In rough terms, the argument in support of this view takes the following shape. International market transactions represent a form of mutually advantageous cooperation: they are typically beneficial for both parties involved, and the realization of each party’s benefit depends on the other party’s material contribution to the exchange. At the same time, trading parties generally face a range of possible mutually advantageous prices. The limits of this range are defined by the respective price at which an exchange would cease to be beneficial to each party, such that the choice of the price at which the transaction ultimately takes place determines the size of the benefit that each party derives from the transaction. Given the cooperative character of market transactions, parties ought to be disposed to transact at a price that ensures a fair amount of benefit to each of them.

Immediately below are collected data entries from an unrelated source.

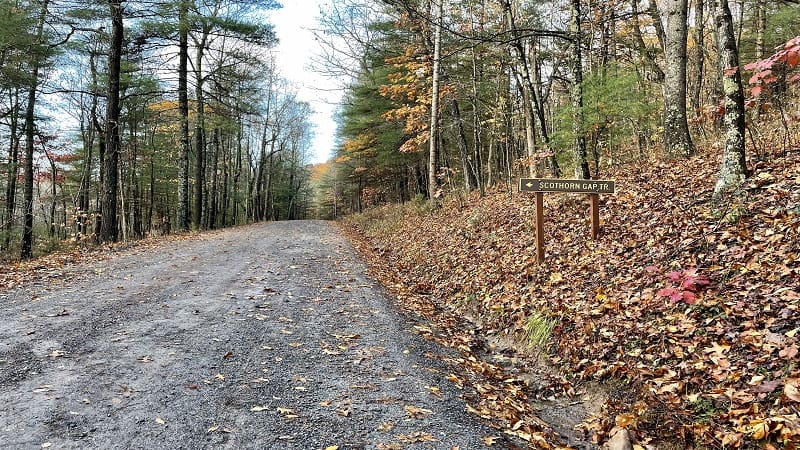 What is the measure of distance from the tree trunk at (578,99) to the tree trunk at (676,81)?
152cm

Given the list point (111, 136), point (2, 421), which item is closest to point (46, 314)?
point (2, 421)

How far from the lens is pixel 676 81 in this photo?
8477mm

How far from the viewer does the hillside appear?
135 inches

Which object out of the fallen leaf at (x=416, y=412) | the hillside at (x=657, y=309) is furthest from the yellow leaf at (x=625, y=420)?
the fallen leaf at (x=416, y=412)

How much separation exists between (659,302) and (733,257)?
3.05 ft

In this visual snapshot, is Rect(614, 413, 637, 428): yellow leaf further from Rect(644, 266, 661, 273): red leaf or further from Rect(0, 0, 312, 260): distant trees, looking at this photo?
Rect(0, 0, 312, 260): distant trees

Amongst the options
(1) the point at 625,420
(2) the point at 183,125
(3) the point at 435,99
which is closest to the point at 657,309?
(1) the point at 625,420

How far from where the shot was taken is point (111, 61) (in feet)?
42.6

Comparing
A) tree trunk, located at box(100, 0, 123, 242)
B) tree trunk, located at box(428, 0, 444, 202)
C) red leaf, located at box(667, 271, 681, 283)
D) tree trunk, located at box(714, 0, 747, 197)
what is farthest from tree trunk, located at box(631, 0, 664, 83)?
tree trunk, located at box(100, 0, 123, 242)

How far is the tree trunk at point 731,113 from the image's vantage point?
5867 mm

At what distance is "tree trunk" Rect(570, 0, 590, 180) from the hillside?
2.49ft

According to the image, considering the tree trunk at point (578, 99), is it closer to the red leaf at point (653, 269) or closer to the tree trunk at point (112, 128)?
the red leaf at point (653, 269)

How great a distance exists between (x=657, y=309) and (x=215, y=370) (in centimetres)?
445

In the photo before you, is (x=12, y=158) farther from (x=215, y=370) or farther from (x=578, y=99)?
(x=578, y=99) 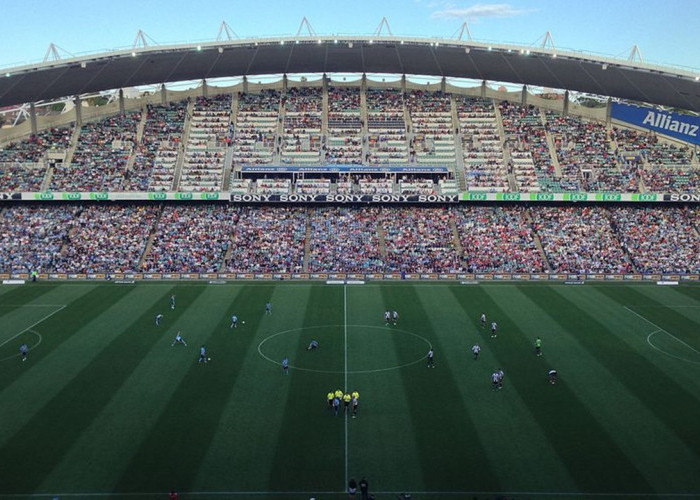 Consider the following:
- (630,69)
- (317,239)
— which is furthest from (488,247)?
(630,69)

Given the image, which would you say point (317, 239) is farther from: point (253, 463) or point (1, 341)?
point (253, 463)

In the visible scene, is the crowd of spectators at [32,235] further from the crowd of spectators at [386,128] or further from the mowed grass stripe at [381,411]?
the crowd of spectators at [386,128]

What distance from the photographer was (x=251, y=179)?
68625mm

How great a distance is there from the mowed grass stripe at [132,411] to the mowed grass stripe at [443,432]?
1168 cm

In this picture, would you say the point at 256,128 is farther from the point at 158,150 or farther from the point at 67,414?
the point at 67,414

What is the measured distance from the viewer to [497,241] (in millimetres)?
61625

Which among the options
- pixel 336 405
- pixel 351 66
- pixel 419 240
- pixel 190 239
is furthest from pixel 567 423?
pixel 351 66

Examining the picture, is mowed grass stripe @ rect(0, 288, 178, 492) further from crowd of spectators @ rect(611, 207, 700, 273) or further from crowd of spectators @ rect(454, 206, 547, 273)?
crowd of spectators @ rect(611, 207, 700, 273)

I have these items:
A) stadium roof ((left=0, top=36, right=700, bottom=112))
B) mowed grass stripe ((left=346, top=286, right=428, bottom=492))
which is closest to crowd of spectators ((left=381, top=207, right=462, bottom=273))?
mowed grass stripe ((left=346, top=286, right=428, bottom=492))

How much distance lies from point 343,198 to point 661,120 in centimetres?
3751

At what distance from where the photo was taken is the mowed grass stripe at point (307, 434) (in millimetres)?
22969

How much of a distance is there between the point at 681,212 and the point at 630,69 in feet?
54.7

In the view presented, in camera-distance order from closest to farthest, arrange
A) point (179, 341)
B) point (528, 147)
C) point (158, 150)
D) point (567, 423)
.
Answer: point (567, 423) < point (179, 341) < point (158, 150) < point (528, 147)

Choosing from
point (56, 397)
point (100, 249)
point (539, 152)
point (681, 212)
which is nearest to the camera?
point (56, 397) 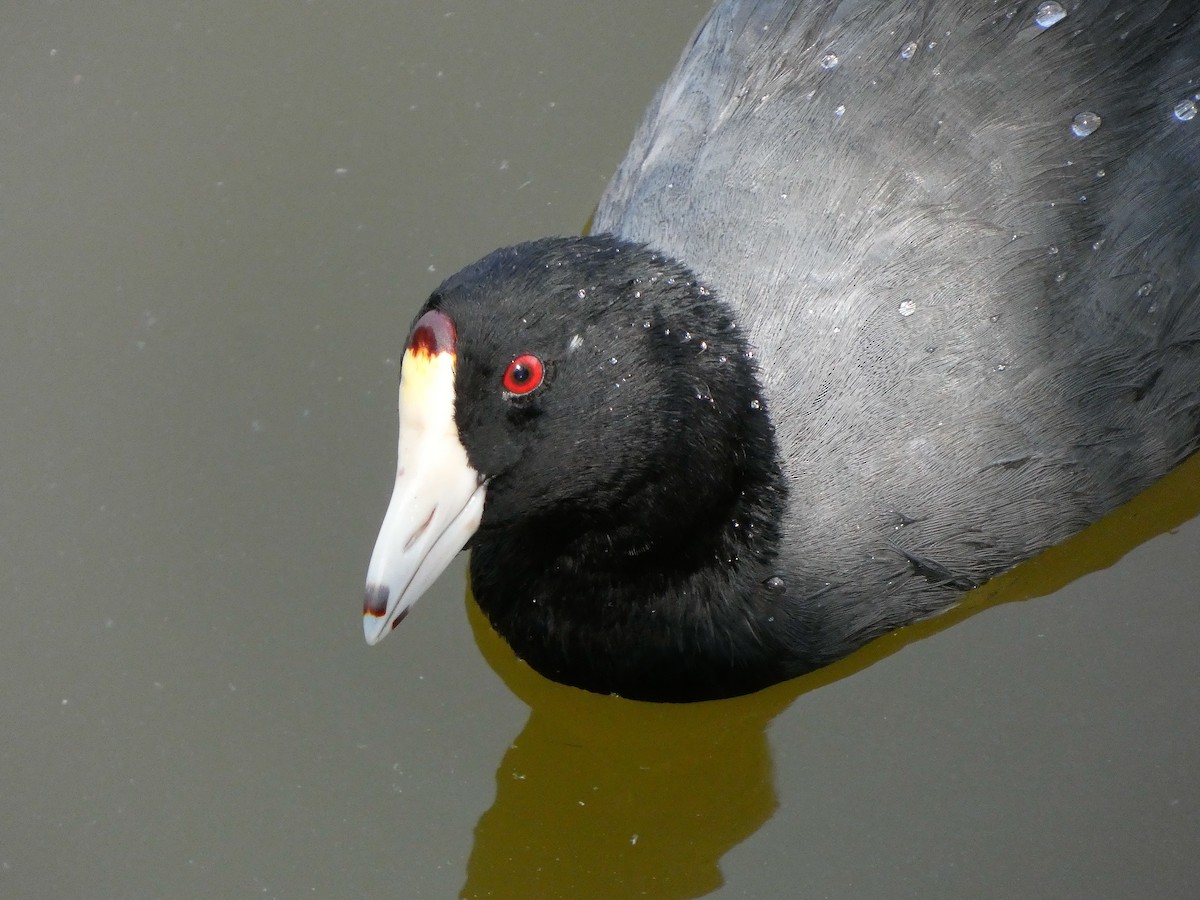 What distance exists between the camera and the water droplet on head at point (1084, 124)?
2705 mm

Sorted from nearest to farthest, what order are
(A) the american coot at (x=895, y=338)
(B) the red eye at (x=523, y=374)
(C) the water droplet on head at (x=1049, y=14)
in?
(B) the red eye at (x=523, y=374)
(A) the american coot at (x=895, y=338)
(C) the water droplet on head at (x=1049, y=14)

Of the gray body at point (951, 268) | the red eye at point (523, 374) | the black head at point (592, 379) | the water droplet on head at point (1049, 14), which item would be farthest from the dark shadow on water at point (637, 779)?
the water droplet on head at point (1049, 14)

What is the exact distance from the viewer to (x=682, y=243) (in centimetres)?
279

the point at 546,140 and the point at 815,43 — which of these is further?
the point at 546,140

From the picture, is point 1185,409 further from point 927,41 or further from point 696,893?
point 696,893

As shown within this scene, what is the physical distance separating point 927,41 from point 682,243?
0.60m

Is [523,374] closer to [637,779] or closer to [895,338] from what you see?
[895,338]

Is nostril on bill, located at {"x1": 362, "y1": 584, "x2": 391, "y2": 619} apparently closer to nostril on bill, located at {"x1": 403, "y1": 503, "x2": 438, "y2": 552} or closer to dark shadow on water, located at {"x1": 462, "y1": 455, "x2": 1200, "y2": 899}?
nostril on bill, located at {"x1": 403, "y1": 503, "x2": 438, "y2": 552}

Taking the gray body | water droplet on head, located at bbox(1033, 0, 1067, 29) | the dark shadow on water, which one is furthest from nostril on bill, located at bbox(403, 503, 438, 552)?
water droplet on head, located at bbox(1033, 0, 1067, 29)

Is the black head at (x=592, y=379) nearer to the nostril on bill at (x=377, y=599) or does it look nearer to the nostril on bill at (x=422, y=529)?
the nostril on bill at (x=422, y=529)

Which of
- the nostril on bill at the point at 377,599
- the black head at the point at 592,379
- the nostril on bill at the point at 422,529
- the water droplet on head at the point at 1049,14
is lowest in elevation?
the nostril on bill at the point at 377,599

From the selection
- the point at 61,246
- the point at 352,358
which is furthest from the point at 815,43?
the point at 61,246

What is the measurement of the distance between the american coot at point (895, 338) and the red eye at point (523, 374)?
26 centimetres

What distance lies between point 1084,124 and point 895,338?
553mm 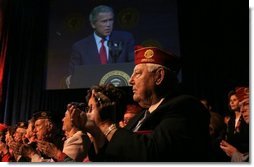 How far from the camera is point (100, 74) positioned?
2783 mm

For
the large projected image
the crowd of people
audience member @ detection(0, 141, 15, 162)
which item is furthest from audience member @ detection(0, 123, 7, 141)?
the large projected image

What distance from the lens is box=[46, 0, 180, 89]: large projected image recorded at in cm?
276

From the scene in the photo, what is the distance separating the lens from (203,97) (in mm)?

This second perspective imposes clear constraints on the morally permissible terms of international market transactions even if we assume that parties have no responsibility for each other’s absolute welfare. In one way, the demand of a fair distribution of transactional benefits is more limited than the initial perspective described above. Conceptually, the demand is constrained by the range of mutually advantageous prices in a given situation, and it may well be that no price on this range is sufficient to fully provide for a party’s basic needs. There is another way, however, in which fairness in the distribution of transactional benefits is significantly more demanding. According to the first perspective, there would appear to be no moral constraint on the profit that a party may make as a result of a transaction above and beyond what is required to guarantee that each party enjoys the relevant absolute level of welfare. To stay with the example, provided that her foreign suppliers are sufficiently well-off, a European coffee importer would be morally free to make whatever profit she is able to obtain in the market. Any such profit, however, is a reflection of the price at which the initial transaction took place and thus subject to a fair distribution of transactional benefits. Following the perspective I have described, then, rather than focusing on absolute levels of welfare, we should think about ethical trading in terms of profit sharing.